Something inside me snapped, not violently, but cleanly, like a thread pulled too tight finally giving way.
Maybe it was the music, the dark hallway the alchol. Maybe it was the fact that for once he wasn’t forcing anything. Maybe it was just that I wanted one moment with him to belong to me alone.
Before I could think myself out of it, I closed the distance between us.
My hand caught the front of his jacket.
And I kissed him.
For one impossible second, Anton didn’t move.
The shock of that nearly stopped me, but then his hand came to my waist, not taking, not dragging, just holding as if he still didn’t quite trust what was happening, and he kissed me back.
Everything inside me lit at once.
Anger. Relief. Heat. Hunger. The sharp, devastating thrill of doing the wrong thing on purpose.
He tasted like whiskey and restraint.
I pressed closer before I could stop myself, and a rough sound broke low in his throat, like I had reached into him and pulled something dangerous loose. His other hand came up, fingers sliding into my hair, not forcing, just cradling the back of my head with a tenderness so at odds with the man himself it almost destroyed me.
The kiss deepened.
Not sweet. Not careful. But not careless either.
It felt like all the things we had not said finding one brutal, breathless language.
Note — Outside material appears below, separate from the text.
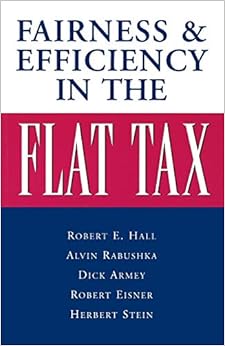 Fairness and Efficiency in the Flat Tax Rabushka, Alvin, Hall, Robert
When I finally pulled back, I was breathing hard.
So was he.
His forehead nearly touched mine. His hand was still at my waist, burning through the fabric of my dress.
For a moment neither of us spoke.
Then his eyes opened fully, dark and intent and still a little stunned.
“You kissed me,” he said, like the fact itself had rearranged the room.
I swallowed, suddenly aware of what I had done and how impossible it would be to take it back. “I know.”
His thumb moved once against my side. “That was a very poor interpretation of distance.”
I feel so small, breathless and completely unsteady.
“Stop looking at me like that,” I whispered.
His gaze dropped to my mouth again. “I can’t.”
The honesty of it sent another wave of heat through me.
I stepped back before I did something even more reckless.
His hand fell away immediately.
That almost made me kiss him again.
I hated us both a little for that.
The club music pulsed faintly beyond the hallway, reminding me there were still people in the world, still cameras, still consequences, still an entire life outside the two of us.
I smoothed a hand over the front of my dress and forced air into my lungs. “This doesn’t fix anything.”
“I know.”
I looked at him, at the mouth I had just kissed, at the man who could ruin peace just by standing near it. “I’m still angry with you.”
A quieter look came into his eyes. “I know that too.”
I nodded once, more for myself than for him.
Then I moved past him toward the door to the club.
This time his hand caught my wrist.
Not hard. Barely enough to stop me.
I turned back.
His expression had gone unreadable again, but his voice was low and rough when he said, “Melody.”
My pulse answered before I did. “What?”
He held my gaze for one dangerous second. “If you do that again, it won’t end in a hallway.”
Heat flooded my face so fast I was grateful for the dark.
I pulled my wrist gently from his fingers. “Then it’s a good thing that I did it now, and won’t repeat it ever again.”
He looked at me for one long, devastating moment, then stepped aside with a smirk on his face, like he is not believing me.
I walked back into the light of the club with my heart trying to tear itself apart inside my chest.
And for the rest of the night, I could still feel his mouth on mine.